Je vous souhaite une bonne lecture !
Chapitre 4
Sweet dreams
Ce sont les rayons du soleil qui réveillent Harry. Encore dans les vapes, il papillonne des yeux avant de replonger sous les couvertures. Des brides de son rêve lui reviennent doucement, il sourit, il a rêvé de Draco. Et puis, c'est une belle journée, ce ne sont pas les cris de ce con de Vernon qui l'ont réveillé mais le soleil. Ouais, ça sera une belle journée.
Le jeune homme s'étire lascivement sous les draps et enfouit sa tête sous son oreiller. Il souhaiterait se rendormir malheureusement son esprit est trop éveillé pour le laisser dormir à nouveau. Harry sort à moitié la tête pour jeter un coup d'œil au réveil. 16 heures 39.

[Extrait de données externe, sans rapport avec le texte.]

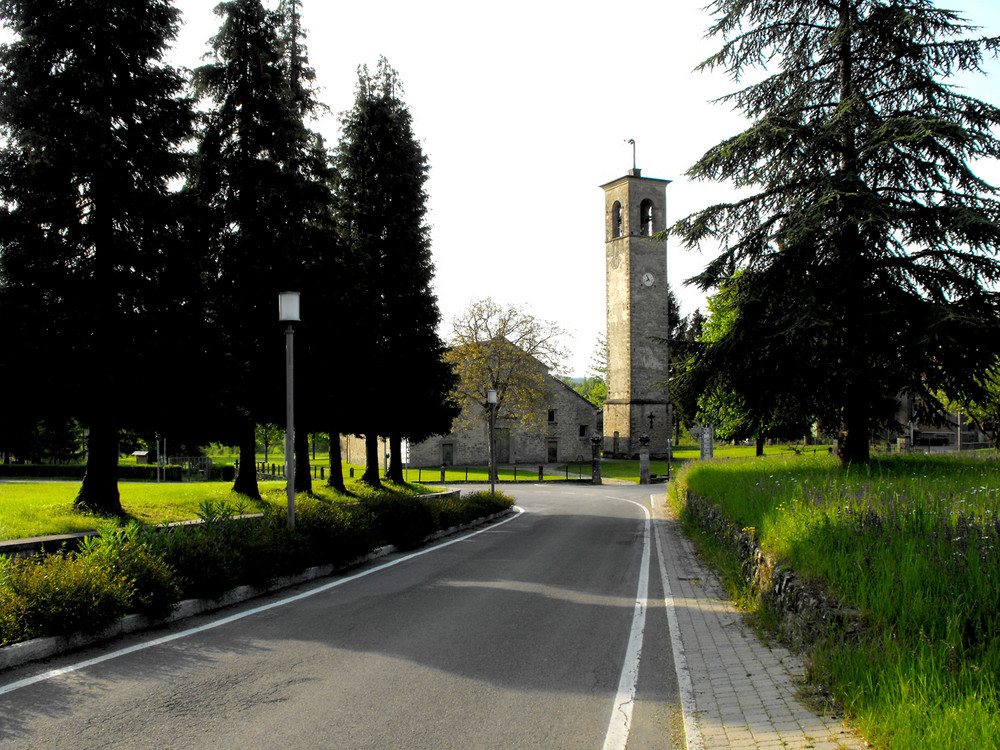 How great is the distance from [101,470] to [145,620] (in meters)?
8.13

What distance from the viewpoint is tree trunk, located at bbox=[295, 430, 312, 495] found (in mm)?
21266

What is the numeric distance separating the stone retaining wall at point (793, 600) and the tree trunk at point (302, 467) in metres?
14.2

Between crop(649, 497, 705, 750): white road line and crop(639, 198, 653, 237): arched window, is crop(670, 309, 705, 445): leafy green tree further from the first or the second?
crop(639, 198, 653, 237): arched window

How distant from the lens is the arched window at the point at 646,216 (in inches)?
2304

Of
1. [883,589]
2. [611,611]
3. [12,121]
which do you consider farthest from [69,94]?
[883,589]

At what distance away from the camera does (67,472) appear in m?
38.6

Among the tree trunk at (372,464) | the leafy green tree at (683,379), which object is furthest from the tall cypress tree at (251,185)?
the leafy green tree at (683,379)

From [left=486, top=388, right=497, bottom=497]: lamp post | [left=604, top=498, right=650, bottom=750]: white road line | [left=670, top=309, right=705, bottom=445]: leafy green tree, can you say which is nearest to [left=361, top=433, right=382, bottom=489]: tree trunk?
[left=486, top=388, right=497, bottom=497]: lamp post

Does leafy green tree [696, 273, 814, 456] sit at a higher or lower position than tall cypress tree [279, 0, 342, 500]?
lower

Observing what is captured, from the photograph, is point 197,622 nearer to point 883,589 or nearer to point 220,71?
point 883,589

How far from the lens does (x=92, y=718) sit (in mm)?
4949

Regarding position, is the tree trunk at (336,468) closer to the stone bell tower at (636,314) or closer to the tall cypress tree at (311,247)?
the tall cypress tree at (311,247)

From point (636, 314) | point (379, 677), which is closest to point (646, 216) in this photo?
point (636, 314)

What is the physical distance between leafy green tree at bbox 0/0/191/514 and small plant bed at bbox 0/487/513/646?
4.56 meters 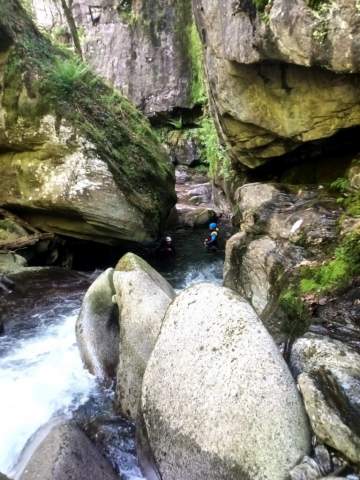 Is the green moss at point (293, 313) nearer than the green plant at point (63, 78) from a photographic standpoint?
Yes

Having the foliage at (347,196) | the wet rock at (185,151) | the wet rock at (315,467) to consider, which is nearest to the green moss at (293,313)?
the wet rock at (315,467)

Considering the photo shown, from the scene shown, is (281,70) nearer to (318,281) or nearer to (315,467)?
(318,281)

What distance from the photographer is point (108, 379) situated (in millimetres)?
5504

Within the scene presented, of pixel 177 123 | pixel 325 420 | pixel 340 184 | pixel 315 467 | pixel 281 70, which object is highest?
pixel 177 123

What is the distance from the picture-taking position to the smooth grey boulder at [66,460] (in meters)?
3.55

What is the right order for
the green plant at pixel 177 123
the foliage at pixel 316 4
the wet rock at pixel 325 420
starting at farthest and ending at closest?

Il lui faut encore un quart d'heure pour pouvoir sortir de son lit, il se sent courbaturé de partout et il chancelle jusqu'à la salle de bain, où il se débarbouille sommairement. A la cuisine, il trouve un mot de Ron lui disant de faire comme chez lui, puis de le retrouver à 22 heures à la Prairie des Embrumes. Harry songe un instant à se rendormir sur la table de la cuisine ou sur le canapé mais une douche est plus attrayante ; certains ont besoin d'un café, pour Harry c'est une douche. Il jette un coup d'œil au calendrier, 21 juin, fête de la musique. Hmm, c'est peut-être pour ça que Ron veut que je le retrouve !
Tout en faisant couler de l'eau pour son bain, il essaie de se remémorer son rêve. Il y avait Draco dedans, ça, c'était sûr ; le reste apparaissait plus flou. Il se souvenait de ses yeux aciers, de sa peau pâle qu'il voulait toucher, de sa froideur mais pas de ce qu'ils faisaient, où ils se trouvaient, s'ils se parlaient.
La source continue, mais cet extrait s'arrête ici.